Woit, a Ph.D. in theoretical physics and a lecturer in mathematics at Columbia, posits this basic argument: string theory, which has seen a quarter-century of near-dominance in physics departments in higher education, doesn't meet the basic criteria to be classified as a theory (thus, "not even wrong.")
I won't say any more about his argument or whether I, as just a dumb non-physics-nobody-troglodyte, agree with him or not* but what I do love is his turn of phrase. "Not even wrong" is a notion that casts a wide net, in which a person can snare all sort of empty cultural habits that we elevate to godhood.
Idols have always been "not even wrong." They signify only what the observer casts upon them, carry no intrinsic meaning, and promise everything while delivering nothing, and then telling us how satisfied we are. The garments in The Emperor's New Clothes are "not even wrong." The 30 minutes of "national evening news" are "not even wrong."

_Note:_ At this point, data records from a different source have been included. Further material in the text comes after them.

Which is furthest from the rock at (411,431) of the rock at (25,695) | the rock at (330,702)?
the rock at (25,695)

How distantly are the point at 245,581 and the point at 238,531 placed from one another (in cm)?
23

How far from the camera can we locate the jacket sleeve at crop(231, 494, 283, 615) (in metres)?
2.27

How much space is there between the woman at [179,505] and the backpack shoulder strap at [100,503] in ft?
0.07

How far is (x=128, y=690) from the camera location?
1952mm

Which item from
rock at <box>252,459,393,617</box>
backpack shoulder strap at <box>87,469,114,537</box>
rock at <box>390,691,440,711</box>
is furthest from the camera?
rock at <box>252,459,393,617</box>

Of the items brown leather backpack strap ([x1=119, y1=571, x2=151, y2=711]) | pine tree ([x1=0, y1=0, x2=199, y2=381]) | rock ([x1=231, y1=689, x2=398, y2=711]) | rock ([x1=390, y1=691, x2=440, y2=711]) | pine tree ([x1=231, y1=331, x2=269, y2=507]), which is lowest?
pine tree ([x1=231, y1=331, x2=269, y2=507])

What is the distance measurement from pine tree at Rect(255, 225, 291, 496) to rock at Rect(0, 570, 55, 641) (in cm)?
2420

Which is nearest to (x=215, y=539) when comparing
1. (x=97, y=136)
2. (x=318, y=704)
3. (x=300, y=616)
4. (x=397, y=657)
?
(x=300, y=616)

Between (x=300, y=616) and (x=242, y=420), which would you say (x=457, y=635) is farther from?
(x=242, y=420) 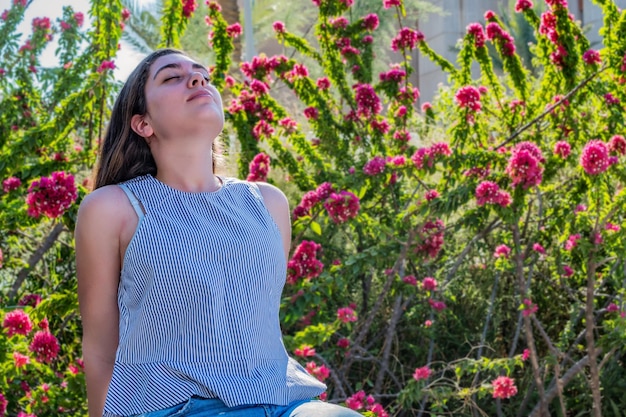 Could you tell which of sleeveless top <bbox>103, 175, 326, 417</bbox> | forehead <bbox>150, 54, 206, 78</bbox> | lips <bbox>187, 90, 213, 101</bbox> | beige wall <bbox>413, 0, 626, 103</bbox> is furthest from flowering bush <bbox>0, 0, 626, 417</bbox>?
beige wall <bbox>413, 0, 626, 103</bbox>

And something I've come to realize recently: breaking any of the Ten Commandments is, in a sense "not even wrong." What I mean is that there is a lot of literature and film and even philosophy that claims that, while breaking the Ten Commandments (i.e. committing any transgression) is "wrong," it is also "fun" or in some other way fulfilling. The "fun" or "advantage" is why we break any given commandment.
But I don't think that's right, at least, not most of the time. There's a nihilistic part of our nature that is "not even wrong." When a man commits murder, is he fulfilled by what it gains him? Does the money or catharsis or pride he gains move any part of his being closer to joy or laughter or even social advantage? Is there God's pleasure in it? Is it ever really "fun" to reap the whirlwind?
When you covet, does that coveting slake your thirst? Does it grant a joy alternate, a substitute for ownership? When we dishonor our parents, do we gain honor for ourselves?
Sin is "not even wrong." It is the absence of right. It is a choice to deprive oneself of the fellowship of God. It isn't a bad means to a good end. It is a bad means to an empty gesture.**
*I do agree with him. Completely and undoubtedly. Both feet stomping down from the heavens into his camp agree. But I didn't tell you. Because I'm objective.
**C.S. Lewis said it better when he said "Badness is only spoiled goodness."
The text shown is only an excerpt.